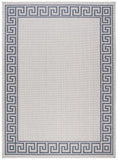 Safavieh Bermuda 820 Flat Weave Polypropylene Indoor/Outdoor-Geometric Rug BMU820A-8SQ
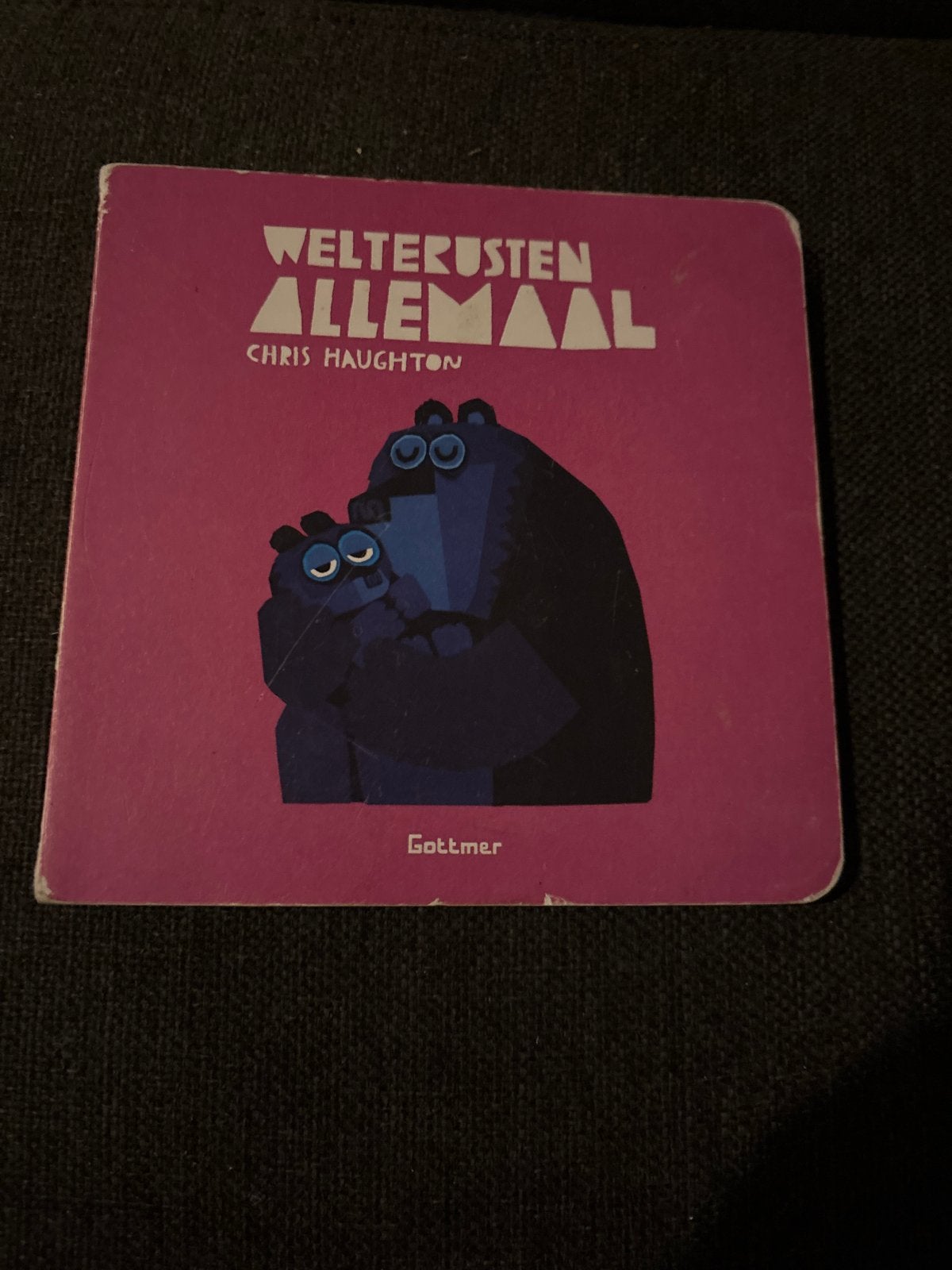 Welterusten Allemaal - Chris Haughton (Gottmer), Ophalen of Verzenden, Zo goed als nieuw, 1 tot 2 jaar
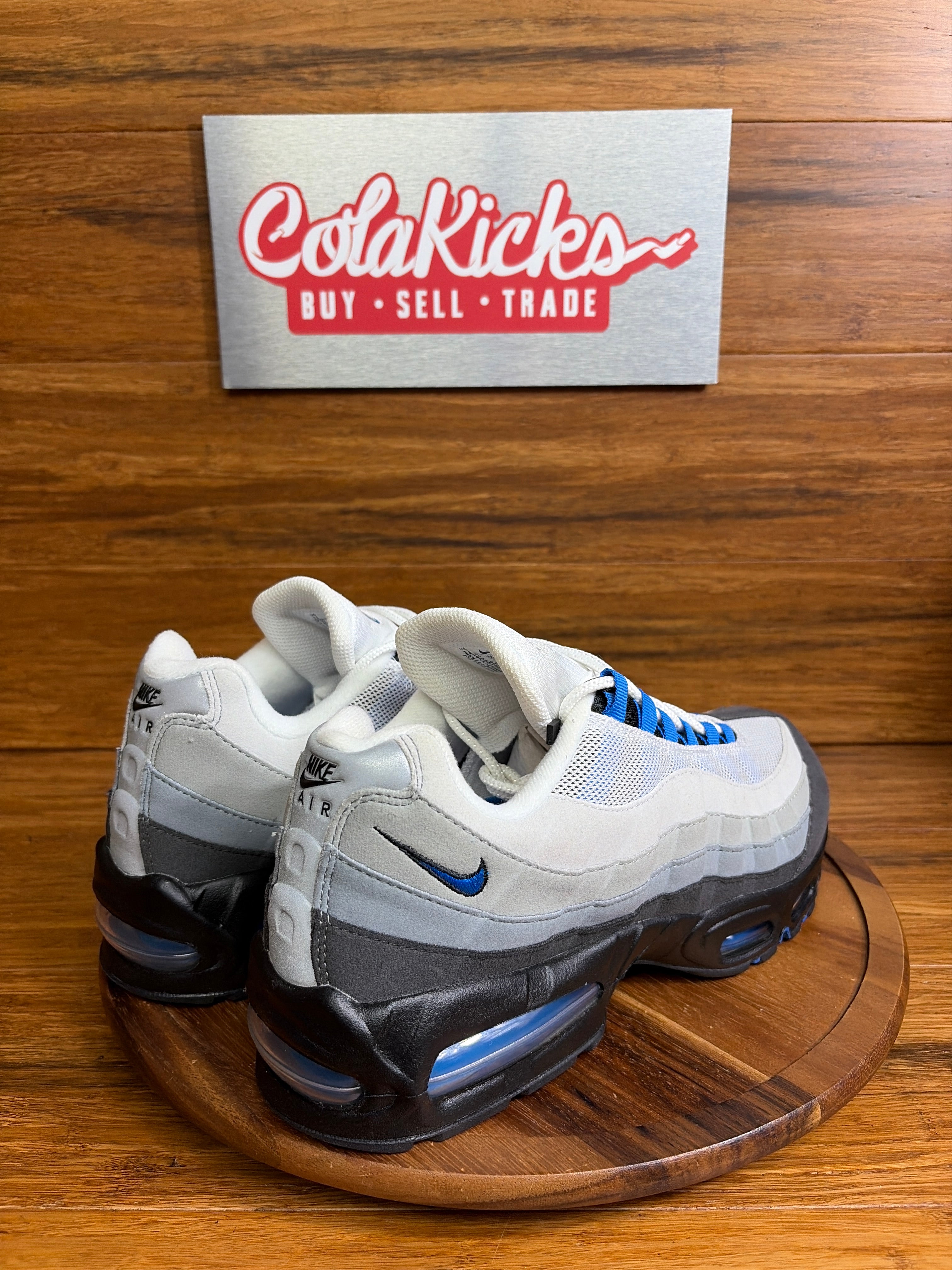 Nike Air Max 95 OG Big Bubble Blue Spark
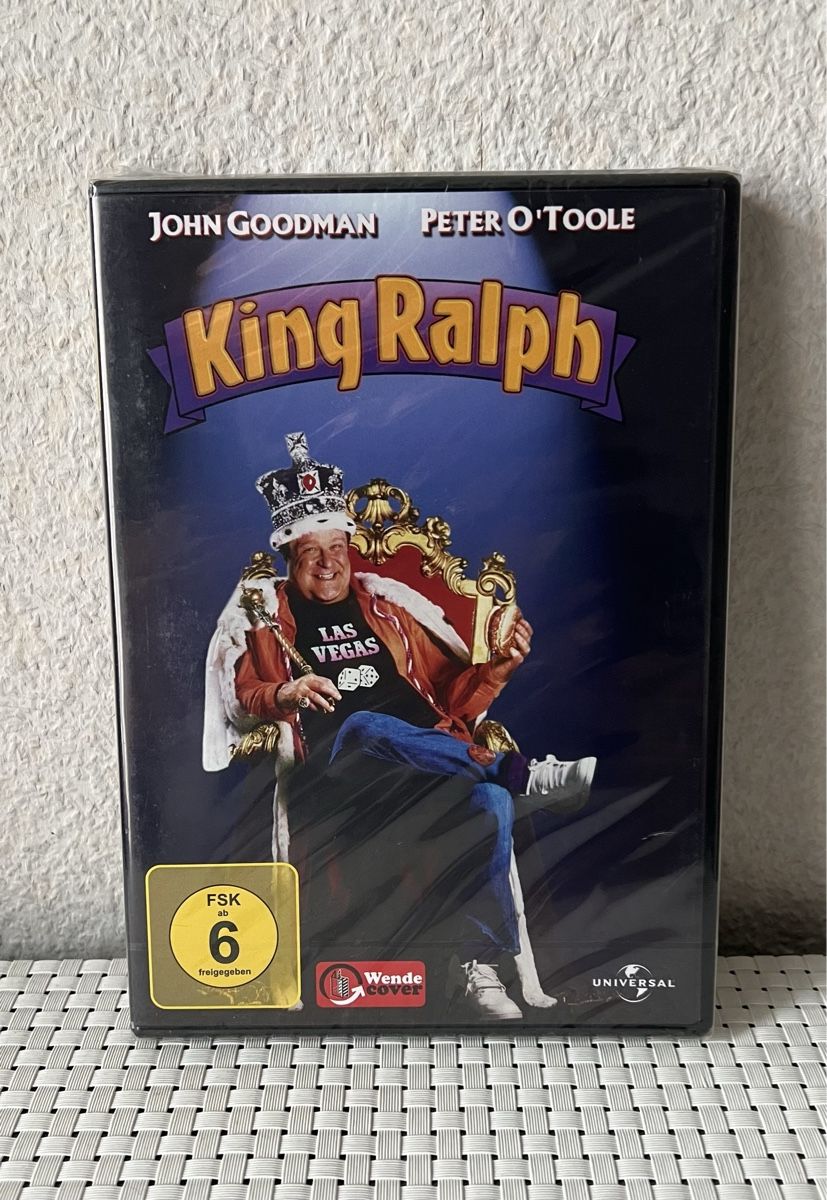 Tutti i DVDs: King Ralph - DVD (NEU) – Nuovo e nell'imballaggio originale da Flawil venduto da NiceT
= = = = =
- EXERCISE DETAILS -
Beginning with the line containing "Welterusten Allemaal - Chris" and ending with the last line of the listing above, output those lines exactly as written, without pictures.

- TASK RESULT -
 Welterusten Allemaal - Chris Haughton (Gottmer), Ophalen of Verzenden, Zo goed als nieuw, 1 tot 2 jaar
 Nike Air Max 95 OG Big Bubble Blue Spark
 Tutti i DVDs: King Ralph - DVD (NEU) – Nuovo e nell'imballaggio originale da Flawil venduto da NiceT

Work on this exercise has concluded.